Chapter 3 Linear Regression, Question 10
library(ISLR)
Carseats = na.omit(Carseats)
summary(Carseats)
lm.model = lm(Sales~Price+Urban+US,data=Carseats)
summary(lm.model)
The coefficient of Price variable is statistically significant given its very small p-value. On average each $100 increase in the price decreases the sales by around 5 units. There are two dummy variables for the qualitative variables Urban and US which are UrabnYes and USYes respectively. UrbanYes = 1 if the Carseats' store is in an Urban area and 0 otherwise. USYes = 1 if the Carseats' store is in US and 0 otherwise. The p-value for the t-statistic of the coefficient of UrbanYes variable is larger than the presumed 5% critical point. Hence this coefficient is statistically insignificant. This indicates that there is no relationship between the sales of the carseats and whether the store is an urban area or not. However the p-value of that of USYes variable is a lot smaller than the 5% critical point and hence the coefficient of this variable is statistically significant. Also the coefficient is positive which means that the sales are more in the US stores by around 1201 units.
Sales = 13.04 - 0.054 Price - 0.022 UrbanYes + 1.2 USYes
For Price and USYes we can reject the null hypothesis that their coefficents are equal to 0 as the respective p-values of their t-statistic are very low.
lm.model_small = lm(Sales~Price+US,data=Carseats)
summary(lm.model_small)
anova(lm.model,lm.model_small)
According to the anova test the p-value of the f-statistic is larger than 5%. Therefore the null hypothesis stands true that both the models fit the data equally well.
confint(lm.model_small, level=0.95)
plot(predict(lm.model_small),rstudent(lm.model_small))

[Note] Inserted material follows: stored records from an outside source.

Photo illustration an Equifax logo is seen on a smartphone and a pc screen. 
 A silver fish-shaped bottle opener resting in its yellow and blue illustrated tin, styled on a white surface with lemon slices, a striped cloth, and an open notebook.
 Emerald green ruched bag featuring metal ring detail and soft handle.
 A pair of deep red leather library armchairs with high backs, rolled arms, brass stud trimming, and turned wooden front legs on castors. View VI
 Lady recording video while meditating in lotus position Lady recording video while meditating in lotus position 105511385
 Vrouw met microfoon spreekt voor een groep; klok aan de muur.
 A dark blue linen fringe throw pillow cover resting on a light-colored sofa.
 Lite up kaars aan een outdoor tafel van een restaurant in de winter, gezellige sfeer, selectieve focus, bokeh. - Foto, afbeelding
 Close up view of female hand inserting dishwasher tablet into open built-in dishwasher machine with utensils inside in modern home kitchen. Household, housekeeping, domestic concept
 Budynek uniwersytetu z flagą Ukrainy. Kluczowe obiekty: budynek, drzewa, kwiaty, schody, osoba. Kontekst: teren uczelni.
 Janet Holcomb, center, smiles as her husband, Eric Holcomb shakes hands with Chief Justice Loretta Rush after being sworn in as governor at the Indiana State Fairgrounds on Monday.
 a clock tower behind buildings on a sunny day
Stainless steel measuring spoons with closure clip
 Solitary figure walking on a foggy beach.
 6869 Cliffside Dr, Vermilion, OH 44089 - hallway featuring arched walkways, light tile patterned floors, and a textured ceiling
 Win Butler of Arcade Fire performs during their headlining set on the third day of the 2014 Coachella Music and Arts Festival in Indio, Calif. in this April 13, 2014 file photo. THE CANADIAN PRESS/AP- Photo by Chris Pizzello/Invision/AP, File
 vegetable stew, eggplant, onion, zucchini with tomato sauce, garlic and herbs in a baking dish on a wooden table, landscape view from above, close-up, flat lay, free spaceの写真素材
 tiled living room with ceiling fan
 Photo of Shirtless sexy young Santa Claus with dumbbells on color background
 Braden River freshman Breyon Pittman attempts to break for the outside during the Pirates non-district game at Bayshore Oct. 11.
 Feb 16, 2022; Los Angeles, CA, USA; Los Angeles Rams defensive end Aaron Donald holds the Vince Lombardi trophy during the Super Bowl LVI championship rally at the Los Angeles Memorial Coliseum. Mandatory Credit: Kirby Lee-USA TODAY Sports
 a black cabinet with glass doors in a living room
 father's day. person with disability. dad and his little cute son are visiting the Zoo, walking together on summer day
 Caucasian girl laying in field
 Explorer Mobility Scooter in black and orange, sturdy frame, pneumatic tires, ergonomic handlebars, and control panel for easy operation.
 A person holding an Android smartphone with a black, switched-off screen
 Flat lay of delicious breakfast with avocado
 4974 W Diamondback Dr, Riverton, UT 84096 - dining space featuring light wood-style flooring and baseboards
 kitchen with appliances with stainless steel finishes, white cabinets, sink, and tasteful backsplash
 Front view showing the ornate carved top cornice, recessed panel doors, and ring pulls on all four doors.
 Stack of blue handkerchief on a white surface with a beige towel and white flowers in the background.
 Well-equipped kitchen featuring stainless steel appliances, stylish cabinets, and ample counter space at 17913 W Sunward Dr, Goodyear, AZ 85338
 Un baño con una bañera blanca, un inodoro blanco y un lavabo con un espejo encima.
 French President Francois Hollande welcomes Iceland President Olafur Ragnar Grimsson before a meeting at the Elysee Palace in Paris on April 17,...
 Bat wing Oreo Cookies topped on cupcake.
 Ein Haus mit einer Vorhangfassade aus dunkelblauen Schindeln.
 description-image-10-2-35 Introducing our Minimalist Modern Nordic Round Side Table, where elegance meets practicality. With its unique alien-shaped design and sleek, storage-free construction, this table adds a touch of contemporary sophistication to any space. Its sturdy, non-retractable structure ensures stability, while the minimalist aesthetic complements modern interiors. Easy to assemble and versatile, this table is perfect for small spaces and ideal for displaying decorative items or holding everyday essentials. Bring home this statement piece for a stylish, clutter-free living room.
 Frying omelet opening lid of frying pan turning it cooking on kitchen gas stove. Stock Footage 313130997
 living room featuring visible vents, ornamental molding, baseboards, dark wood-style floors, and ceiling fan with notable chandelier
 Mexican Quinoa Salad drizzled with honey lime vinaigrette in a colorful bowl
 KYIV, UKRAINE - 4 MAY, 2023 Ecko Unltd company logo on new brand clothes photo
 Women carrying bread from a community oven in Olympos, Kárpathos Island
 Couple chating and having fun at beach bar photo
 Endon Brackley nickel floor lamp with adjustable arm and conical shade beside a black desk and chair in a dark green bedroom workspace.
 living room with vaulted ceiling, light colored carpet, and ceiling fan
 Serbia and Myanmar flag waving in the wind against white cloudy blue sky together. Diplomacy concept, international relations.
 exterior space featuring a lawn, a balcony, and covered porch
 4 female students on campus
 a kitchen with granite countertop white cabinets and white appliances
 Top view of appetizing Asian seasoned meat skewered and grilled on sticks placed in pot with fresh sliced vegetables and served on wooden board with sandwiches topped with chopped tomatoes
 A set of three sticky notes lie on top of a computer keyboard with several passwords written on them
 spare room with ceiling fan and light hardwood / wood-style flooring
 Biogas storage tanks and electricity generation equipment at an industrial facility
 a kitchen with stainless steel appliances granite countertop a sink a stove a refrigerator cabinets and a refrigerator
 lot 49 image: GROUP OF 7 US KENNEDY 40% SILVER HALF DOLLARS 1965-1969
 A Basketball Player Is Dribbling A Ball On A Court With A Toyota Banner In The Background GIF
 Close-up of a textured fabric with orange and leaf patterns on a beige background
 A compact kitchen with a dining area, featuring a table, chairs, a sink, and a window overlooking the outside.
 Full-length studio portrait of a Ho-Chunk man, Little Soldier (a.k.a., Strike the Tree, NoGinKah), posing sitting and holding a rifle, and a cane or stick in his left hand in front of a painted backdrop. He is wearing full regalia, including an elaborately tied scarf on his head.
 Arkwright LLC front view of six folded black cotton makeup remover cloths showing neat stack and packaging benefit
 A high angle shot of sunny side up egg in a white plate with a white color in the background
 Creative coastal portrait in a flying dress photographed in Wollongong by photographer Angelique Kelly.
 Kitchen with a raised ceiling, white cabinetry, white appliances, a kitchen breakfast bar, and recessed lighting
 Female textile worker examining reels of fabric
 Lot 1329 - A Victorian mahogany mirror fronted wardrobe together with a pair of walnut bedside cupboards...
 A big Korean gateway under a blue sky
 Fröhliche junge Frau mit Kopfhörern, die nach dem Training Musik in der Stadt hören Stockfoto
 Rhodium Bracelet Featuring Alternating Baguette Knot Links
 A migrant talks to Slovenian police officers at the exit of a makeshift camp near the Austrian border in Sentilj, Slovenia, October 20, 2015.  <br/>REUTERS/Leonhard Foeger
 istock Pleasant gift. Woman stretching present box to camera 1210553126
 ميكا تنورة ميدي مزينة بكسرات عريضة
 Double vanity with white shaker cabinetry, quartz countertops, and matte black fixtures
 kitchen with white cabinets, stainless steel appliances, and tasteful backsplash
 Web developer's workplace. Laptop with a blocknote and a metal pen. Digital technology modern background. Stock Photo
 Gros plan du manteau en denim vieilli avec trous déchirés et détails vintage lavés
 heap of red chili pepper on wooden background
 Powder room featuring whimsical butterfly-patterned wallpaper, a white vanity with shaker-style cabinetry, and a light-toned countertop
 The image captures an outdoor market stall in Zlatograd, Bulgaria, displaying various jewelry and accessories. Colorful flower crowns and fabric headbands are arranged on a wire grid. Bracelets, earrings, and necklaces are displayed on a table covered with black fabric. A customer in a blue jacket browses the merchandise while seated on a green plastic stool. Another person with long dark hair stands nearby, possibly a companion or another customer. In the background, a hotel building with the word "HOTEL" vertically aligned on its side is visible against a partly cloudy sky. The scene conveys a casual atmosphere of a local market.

As the studentized residuals are between -3 and 3 we can assume there are no outliers.
par(mfrow=c(2,2))
plot(lm.model_small)
Studentized residuals vs Leverage graph shows that there are some observations with high leverage.
p=2
n=nrow(Carseats)
(p+1)/n
There are many observations with leverage way above 0.0075. All of those observations have very high leverage.